Who fills your bucket? Sometimes, it is intentional. We solicit an individual to fill our bucket, whether knowingly or by “coincidence.” I believe that it most often occurs when we’re not looking. Or at least, when we’re not actively aware. But, you need to be open to it – Never keep the lid securely shut. Think about it. We all know someone like that. For whatever reason, they are not giving of themselves. The inability to goes hand-in-hand and they are often not capable of, or willing to, receive what others have to offer. Their bucket is empty.
Where do you go to fill your bucket? Maybe it’s a special place that has personal meaning that allows you to clear your mind and concentrate on what’s important. Perhaps it’s a friend – or group of friends – with whom you share common understanding. I am blessed to have multiple wells of goodness available to me: Church family for spiritual endowments, genuine friendships for emotional support, musicians for artistic offerings, writer’s groups for creative contributions… The list goes on.
Still, there are times when I need something I can only find in solitude. You might say that I dip my bucket into my own well to find what I need. I’m doing some of that this week. After a busy week of shopping, cooking and serving others, I was feeling pretty low on reserves. My bucket was feeling dangerously hollow. I’m spending some time alone, to write and make music. Yesterday, I managed to spend time in nature, despite the rain.
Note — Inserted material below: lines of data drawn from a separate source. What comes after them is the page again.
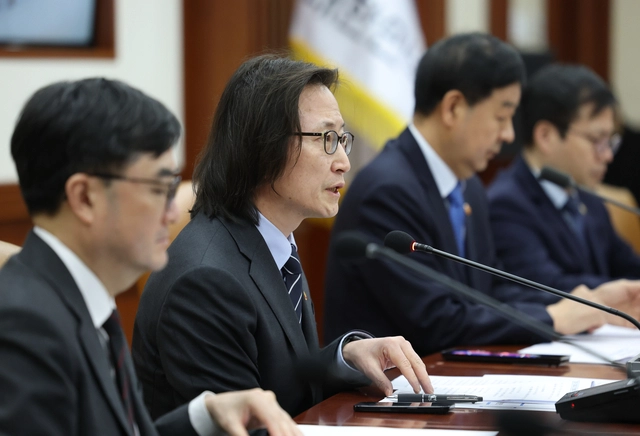 주병기 공정거래위원장이 5일 정부서울청사에서 열린 민생물가 특별관리 관계장관 TF 회의에서 발언하고 있다.  연합뉴스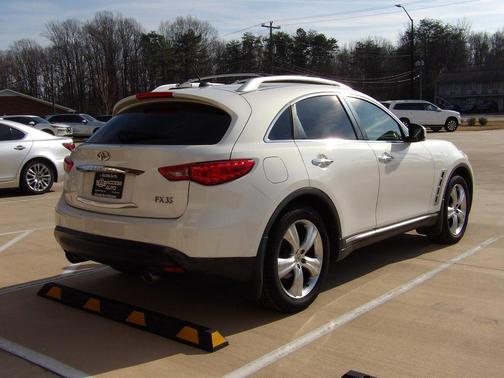 2009 INFINITI FX35 Base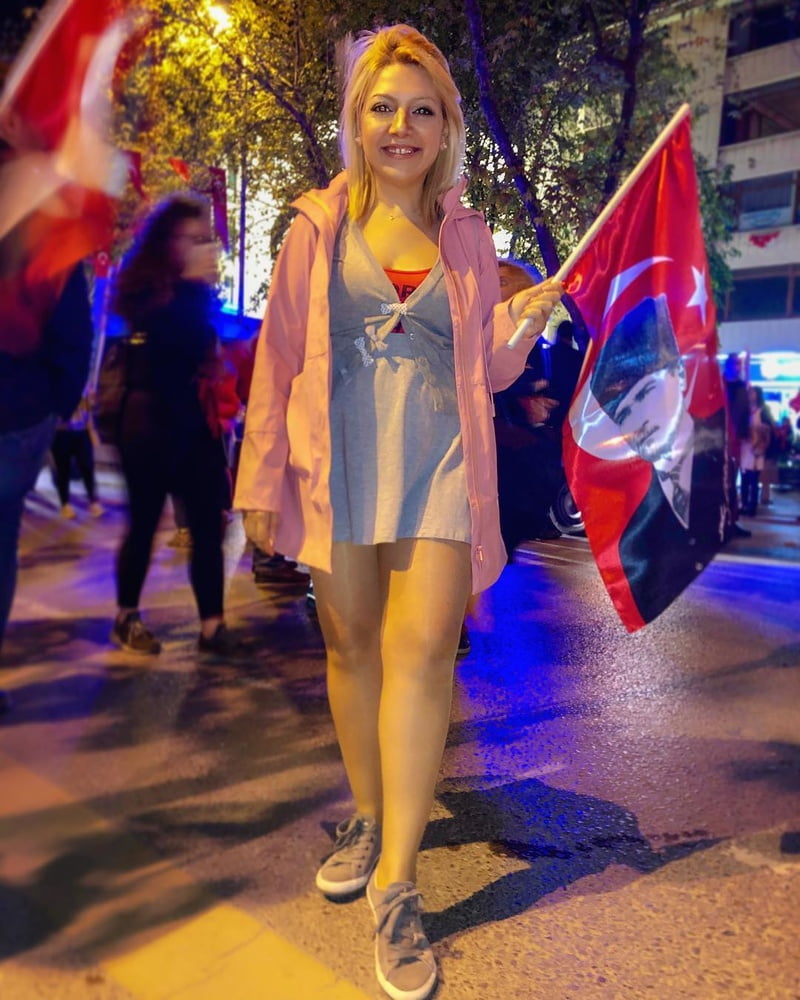 Nylon leg and feet tease from sexy Turkish office slut #103735485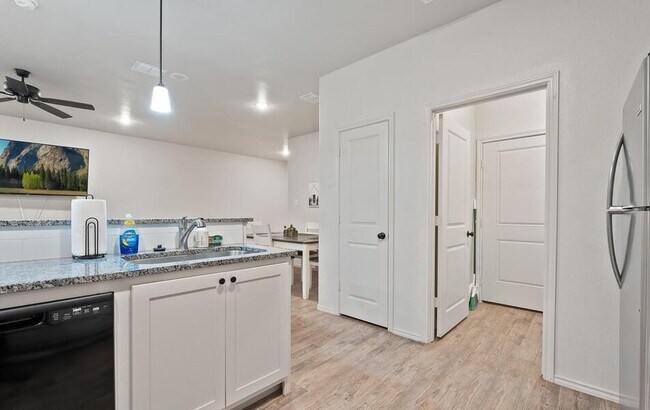 Building Photo - 5606 Kemper St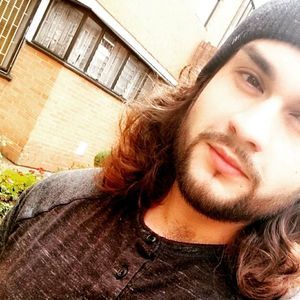 Meet your Posher, Manuel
Later this week, I’ll be spending a couple of days at an old inn with a close friend. It’s just what I need to replenish my bucket.
As we move thru the second half of our lives, this concept becomes both obvious and imperative. If we are involved in a relationship that does not include some refilling of our buckets, it’s okay to walk away. It can be a personal relationship or a professional one. If you’re constantly pouring your gifts into their bucket, yours will eventually be empty.
We receive donations to our buckets in so many ways. It can be as simple as being paid a compliment or an expression of appreciation. Or, having someone pitch in to help, unsolicited, because of a sincere desire to take part.
Join the bucket brigade: Give what you have, take what you need. If we always keep our buckets open, we will find the balance.